> _What you have to do_
Copy out the data below from the line containing "MIKE DEAL / FREE PRESS" to the line containing "Accompanied by Laurie", both lines included, with all images left out.

> _Records provided_
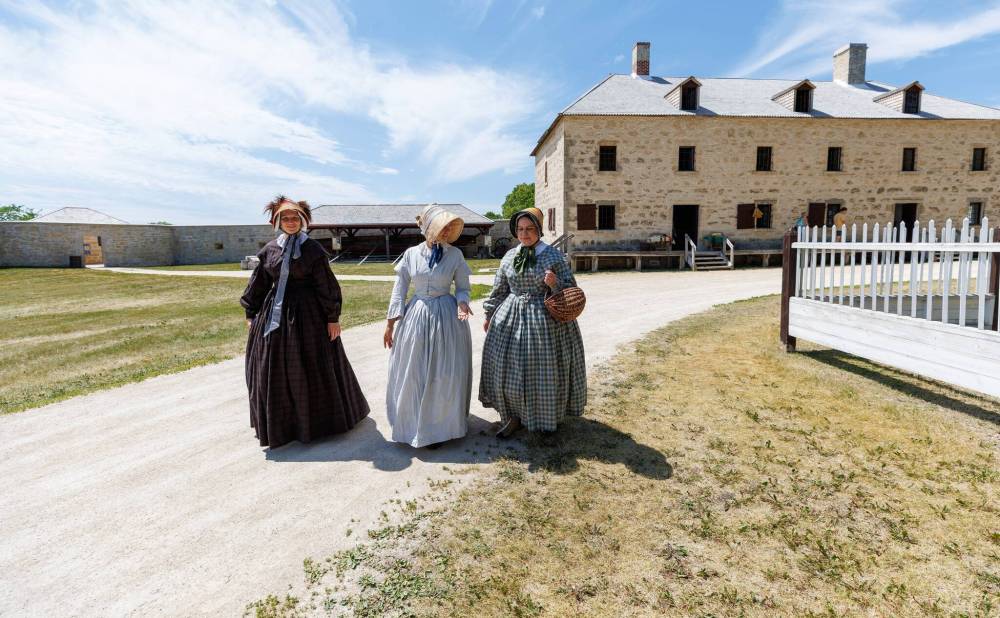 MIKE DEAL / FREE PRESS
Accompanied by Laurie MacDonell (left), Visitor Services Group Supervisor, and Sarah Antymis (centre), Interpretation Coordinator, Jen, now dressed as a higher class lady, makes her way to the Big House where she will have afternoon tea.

...

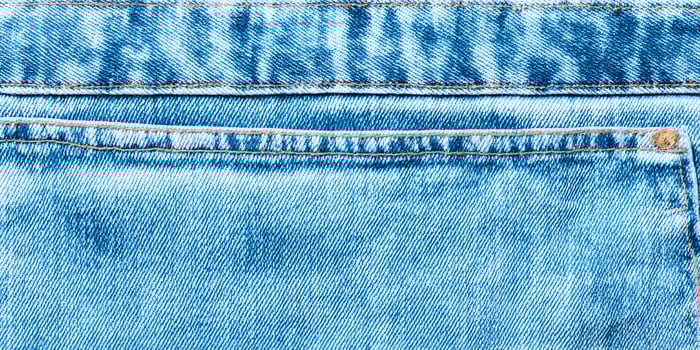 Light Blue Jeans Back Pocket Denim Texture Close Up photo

> _Answer to the problem_
 MIKE DEAL / FREE PRESS
Accompanied by Laurie MacDonell (left), Visitor Services Group Supervisor, and Sarah Antymis (centre), Interpretation Coordinator, Jen, now dressed as a higher class lady, makes her way to the Big House where she will have afternoon tea.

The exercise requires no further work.